# Residence permit while applying for citizenship?



## Sergio_L (Aug 26, 2017)

Hello, my name is Sergio and I am a Brazilian currently residing in Italy where I have just completed my masters degree. I am know by ancestry I can get citizenship in Italy as my great grandfather was Italian, and I would like to obtain my citizenship also. 

I am currently working on the translations/legalization of all the documents and have been doing so for some months but those who've been through this process will know it takes some time to arrange all this in Brazil... It's taking a lot of time, but the end seems near.

However my study visa will expire in November, but I would like to stay here to finish this process of getting my citizenship. 

I'm finding that while applying for the citizenship I can get a permisso to stay here temporarily. Does anyone know how does this work exactly? I have read up on it, and it says you need to go to the police office and there you do the application for the permisso to stay while doing the application. 
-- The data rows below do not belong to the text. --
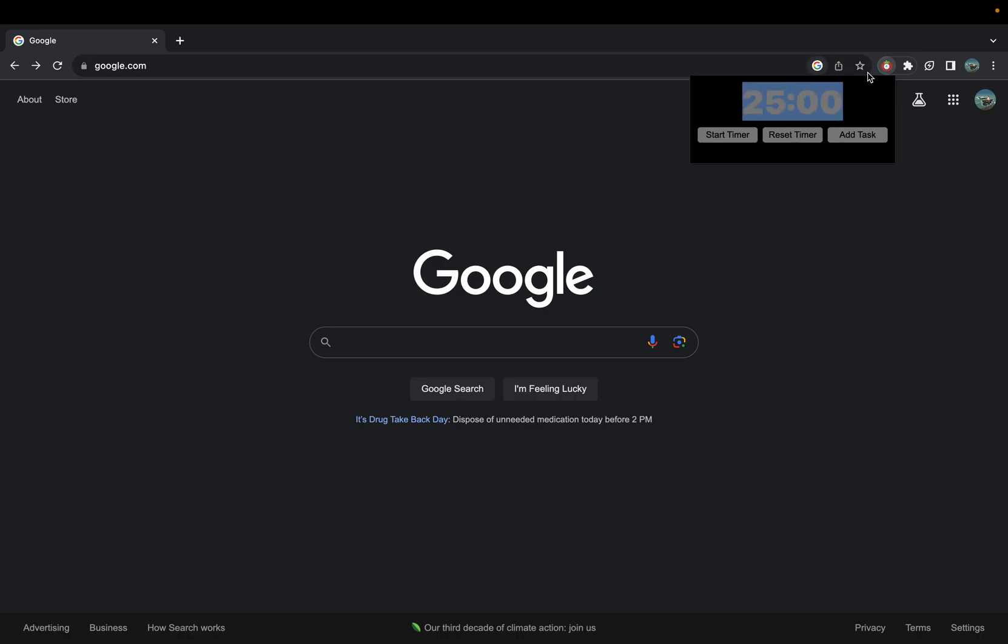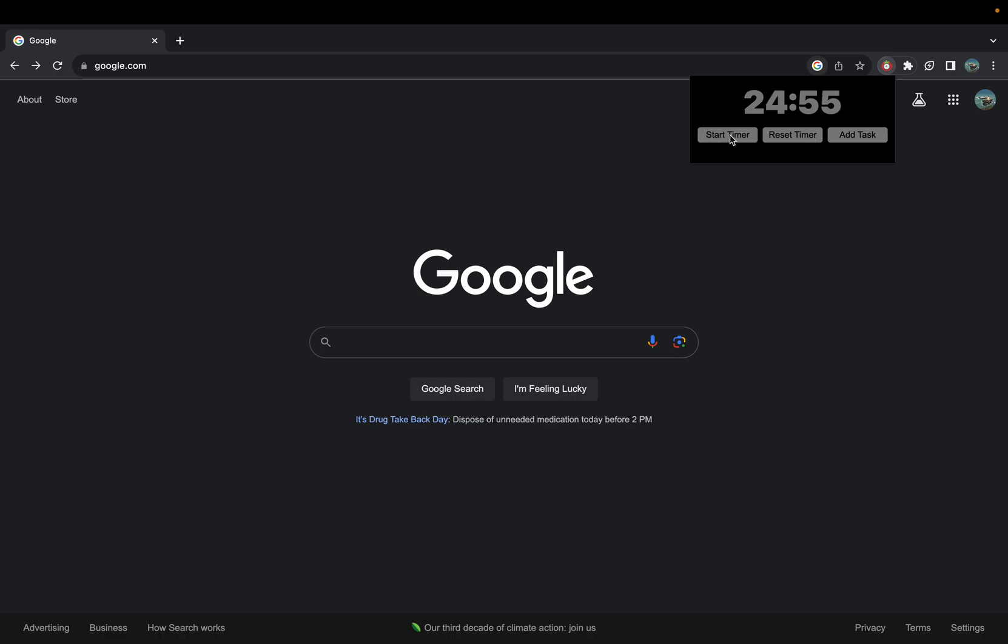You'll have this display here which displays the timer. If we start, it will start counting down and it's able to pause and reset.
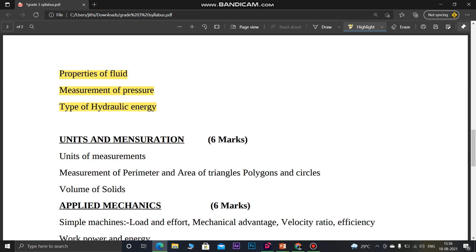This is the Units and Measurements section. It covers basic area, volume, and perimeter calculations. The topics include basic figures and solids and their fundamental calculations.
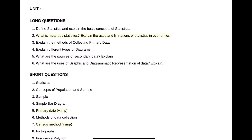For short questions, write an answer of one page and include a definition with an example. Based on the short question, draw a diagram, table, write syntax or formula. For long questions, write three to four sides of pages and include a definition and explanation with an example. Based on the long question, draw diagrams, tables, and programs with output.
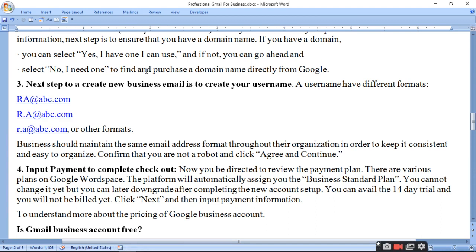Next step to create your new business email is to create your username. Username aapke different formats mein ho sakta hai — jaise 'name at the rate companyname.com' or 'r.a at the rate companyname'. Company name means domain name. Aap koi bhi format use kar sakte hain. Businesses should maintain the same email address format throughout their organization in order to keep it consistent and easy to organize.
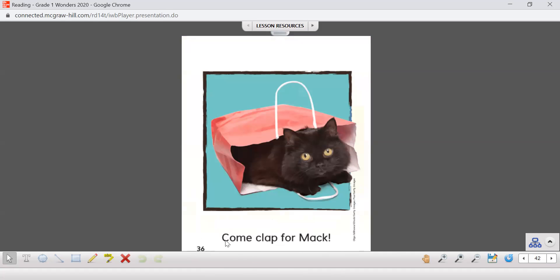All right, let's read that last sentence together. Come clap for Mac! I see the exclamation mark there, so I wanted to put some enthusiasm into my sentence. All right boys and girls, that's the end of our story. So what I want you to do is keep practicing. If you need to go over and over again, keep trying. Bye bye.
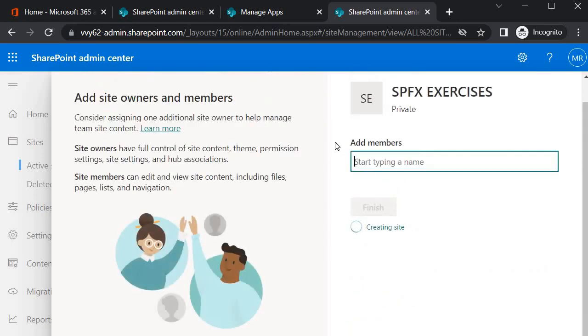Over here it is asking us to add members, but I will not add now, so I will click on Finish.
However, since all of my documents are at this moment being translated/legalized by notary in Brazil, I don't have them here in Italy right now. 

Would I already be needing them in the first stage of the application or could I apply for a residence permit to get time to finish my application and then hand them in after when they are finally ready / translated / legalized? I don't think the couple of months I have left on my study visa right now is going to be enough the speed it is going right now, so I'm worried.

Looking forward to hearing from you, thank you very much for any responses/indications I might receive.

Sergio


----------